Apple’s intriguing same-day delivery experiment

“Apple Inc. is offering same-day delivery in the San Francisco Bay Area. Analysts don’t think it will alter the Mac maker’s strategy for brick-and-mortar locations, but could there be another goal with this initiative?” Louis Bedigian writes for Benzinga. “”

“Dan Miller, senior analyst and founder of Opus Research, thinks that Apple is definitely keeping an eye on, Inc.,” Bedigian writes. “‘Amazon has been setting the standard on retail logistics,’ Miller told Benzinga. ‘In a funny way they’ve been calling the shots ever since Amazon Prime added all these refinements, like the button and putting packages in people’s cars. Every retailer, whether it’s Target or Best Buy, is recognizing that customers will gravitate toward the retailer that can promise the fastest delivery time.’ Still, Miller said that Apple’s venture ‘sounds like a soft launch.'”

Bedigian writes, “‘Given the construction around the [local] Apple Store and how hard it is to get to it, I can see why you’d want to attract customers with the promise of speedy delivery,’ he added. ‘I think you’re gonna see more of this. If you think three years ahead and all the rumors about these dispatched systems like Uber, not just being about cars but being about everything you use in your life, Apple has to at least experiment with this and find out how to stay in this rapid delivery cycle domain.'”

Read more in the full article here.

MacDailyNews Take: Imagine the convenience and customer satisfaction that an Uber-like service for Apple Retail Stores would deliver!

Need to replace you and your wife’s iPhones? Forget driving X number of miles to the nearest Apple Retail Store. You call Apple, back up and wipe your phones, and soon an agent arrives with your new iPhones. Restore from your backups. A minute later another agent arrives to pick up the old iPhones. Done.


    1. Reminds me of an episode of Nathan For You where he recommended having a gas station advertise gas prices at $1 after rebate, but the rebate had to be hand delivered to a dropbox located on top of a hiker-only accessible mountaintop.

  1. I hope this becomes a great success. I, for one, enjoy going to the Apple store, at least I used to enjoy It. If half of the people at the store will be getting their purchase delivered, then maybe the Apple store will, once again, become a pleasant experience. We need larger stores, Tim. China is important, but don’t forget the pitifuly small mall stores in Apple’s home country…

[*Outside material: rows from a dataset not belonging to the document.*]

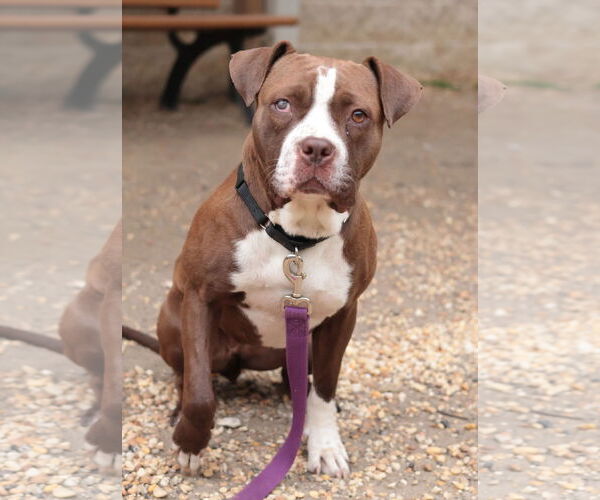 Medium Photo #23 Mutt Puppy For Sale in Philadelphia, PA, USA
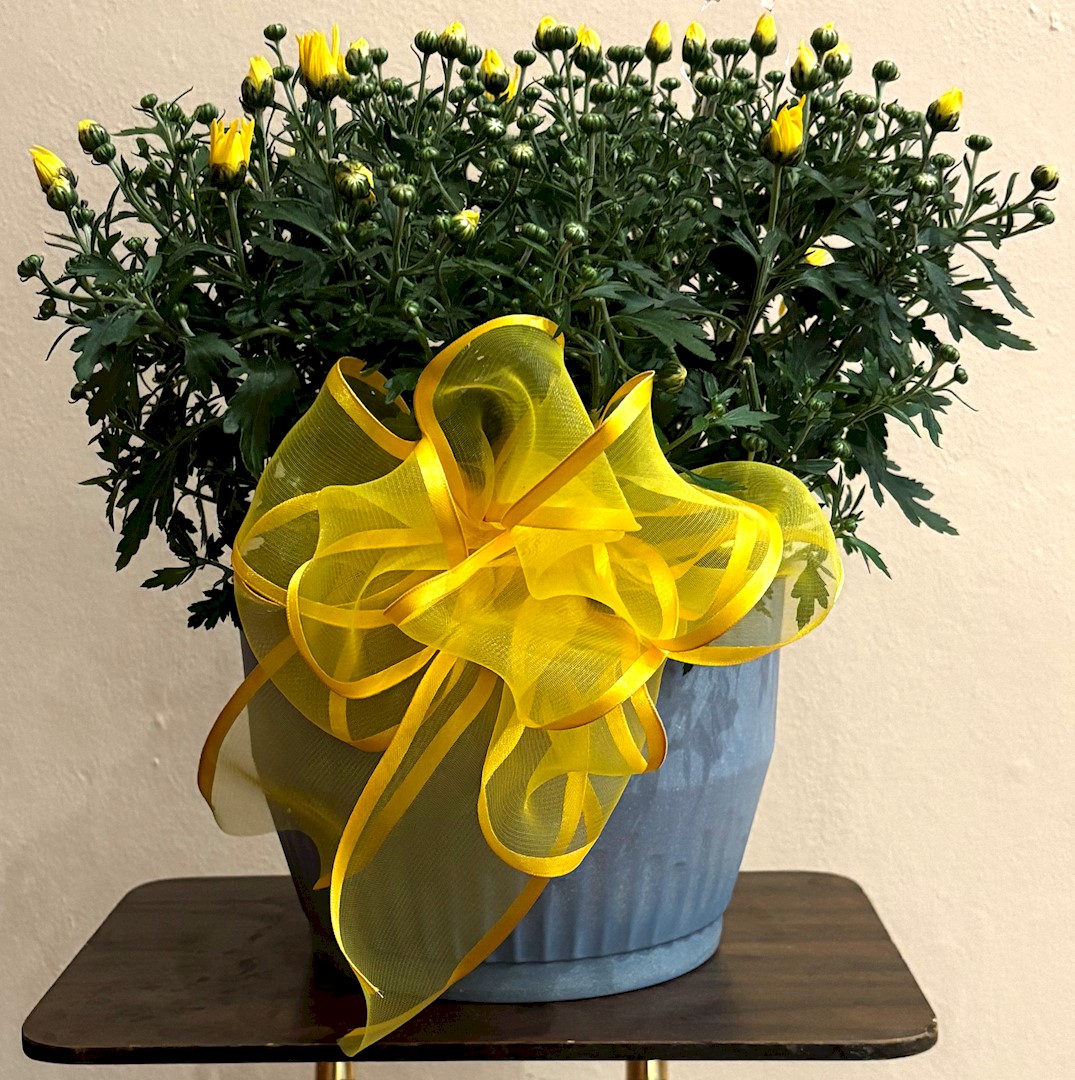 Flowers from Carol Anne Keyser Hodge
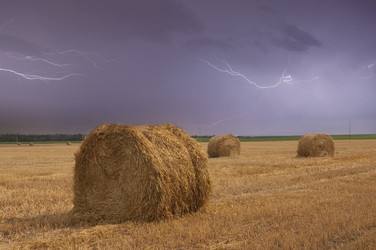 Similar image 198002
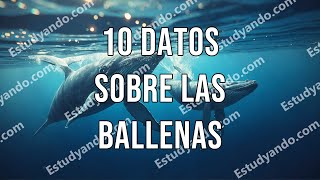 10 Datos sobre las Ballenas [upl. by Marie-Ann830]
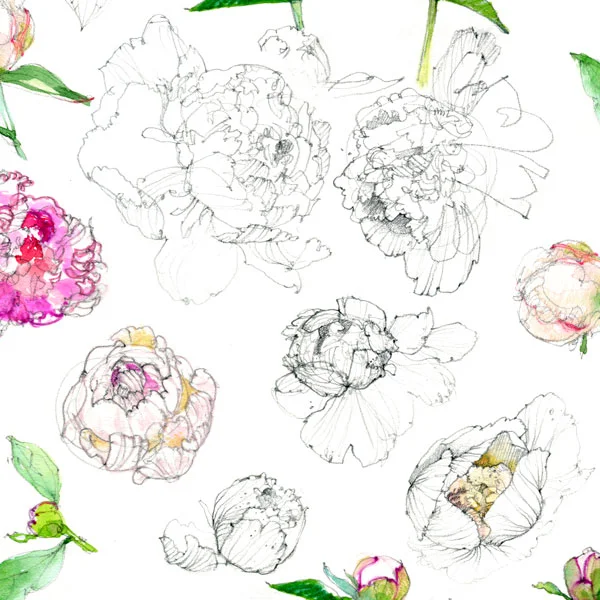 Peony-Sketches_Etsy.jpg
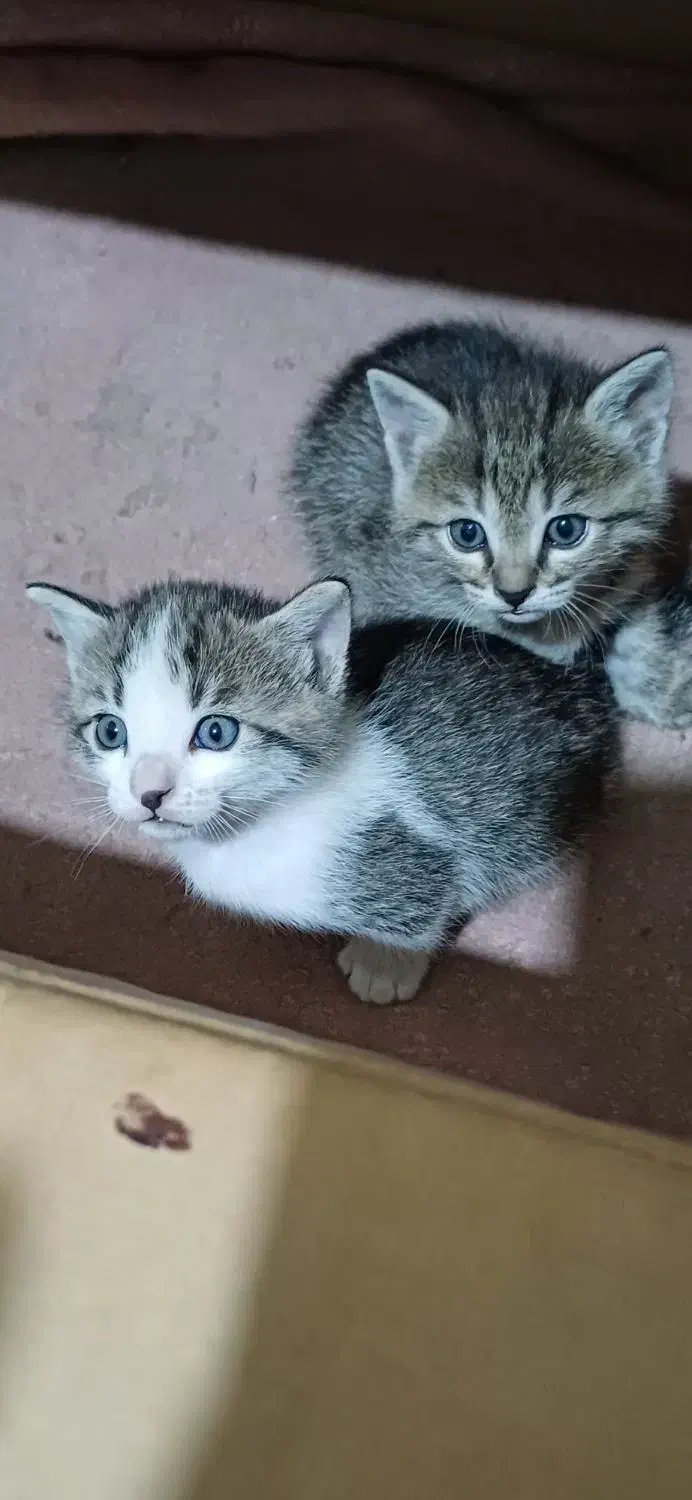 واگذاری بچه گربه سه ماهه|گربه|کرج, خرمدشت|دیوار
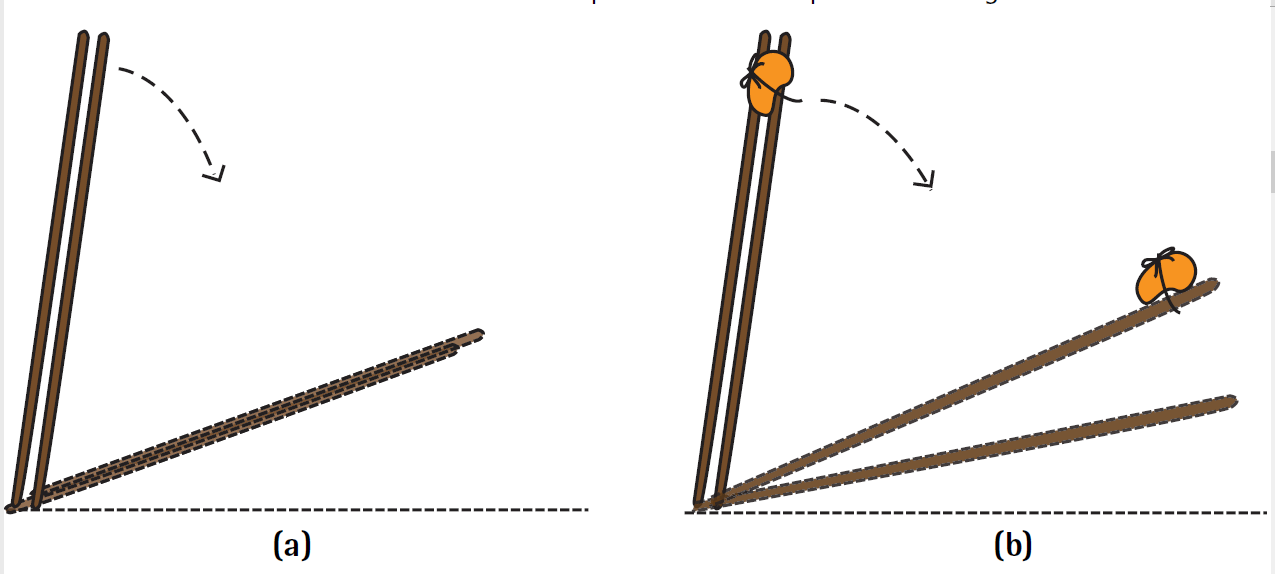I wonder issue 1 aug2018 unravelling physics fig 1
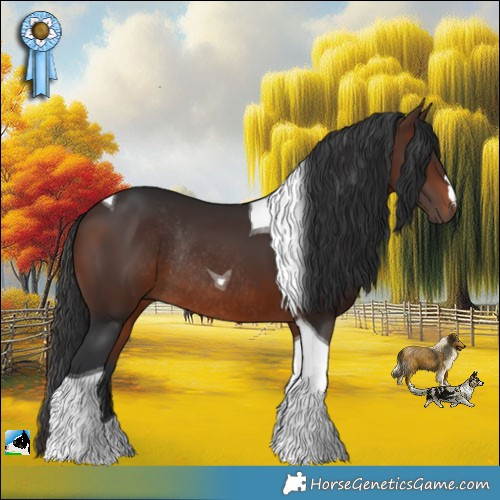 Horse Color:Brown Tobiano Rabicano 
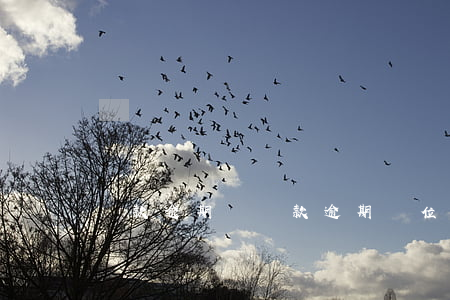 貸款逾期單，貸款逾期單位開除有賠償嗎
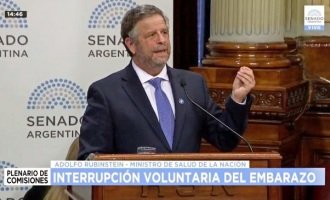 Rubinstein expuso en el Senado: “El aborto es una cuestión de salud pública”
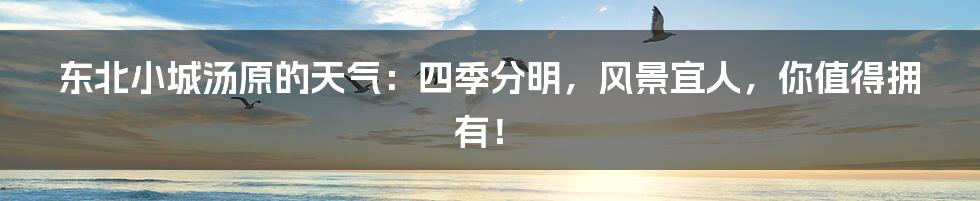 东北小城汤原的天气:四季分明,风景宜人,你值得拥有!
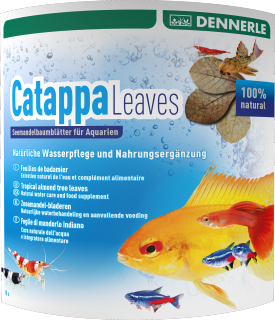 Dennerle Catappa leaves 10 pcs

    1. Somehow, Apple believes in forgetting flyover country. Apple likes homeruns like the Yankees or the Brooklyn Dodgers. Then in 1954, the New York Giants started hitting for singles and went on to win the pennant.

    1. It improves their carbon footprint – instead of thousands of people travelling to one location they can have tens of people spread out travelling to their nearest hundred locations in the (near) optimal path (near because of travelling salesman problem) – you go from having thousands travelling the distance to the store and back to tens travelling a tour of a hundred close together places and back each day – it’s much much more efficient in terms of saving on miles needed to be travelled – of course if the people aren’t just going there to visit the Apple Store but also to get other things done in town then this makes going to visit the store cheaper carbon wise, but as more and more can be done over the Internet it makes more and more sense to outsource delivery of things to an efficient external delivery system and less and less sense to do bits of your shopping yourself… Anyway who says Apple wouldn’t provide carbon neutral transport to their own private delivery force anyway – the more customers they have the more this makes sense.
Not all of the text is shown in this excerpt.